▶ **DATA**
● ● ● ● ●

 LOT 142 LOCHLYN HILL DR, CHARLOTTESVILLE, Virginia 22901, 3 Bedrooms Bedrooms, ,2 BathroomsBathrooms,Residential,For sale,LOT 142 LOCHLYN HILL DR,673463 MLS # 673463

● ● ● ● ●

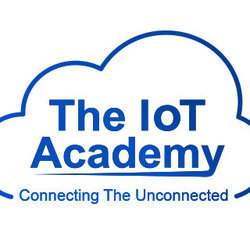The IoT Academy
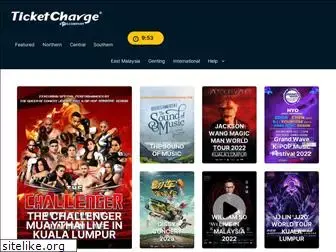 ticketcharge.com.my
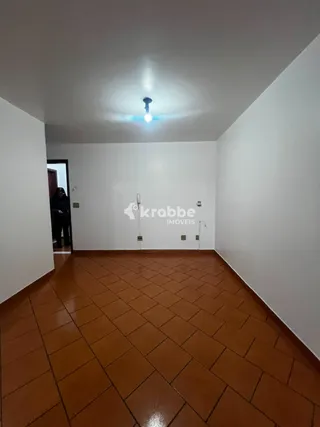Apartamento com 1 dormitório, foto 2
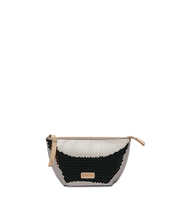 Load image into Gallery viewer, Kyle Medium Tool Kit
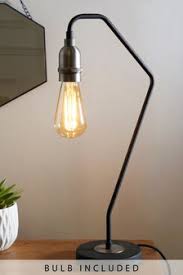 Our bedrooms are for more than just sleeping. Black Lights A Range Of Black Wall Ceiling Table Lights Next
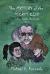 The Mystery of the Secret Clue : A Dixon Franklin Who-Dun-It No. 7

● ● ● ● ●

▶ **WHAT IS NEEDED**
Using the data above, return the lines from the one holding "Our bedrooms are" through the one holding "The Mystery of" exactly, but not the pictures.

▶ **WRITTEN RESPONSE**
 Our bedrooms are for more than just sleeping. Black Lights A Range Of Black Wall Ceiling Table Lights Next
 The Mystery of the Secret Clue : A Dixon Franklin Who-Dun-It No. 7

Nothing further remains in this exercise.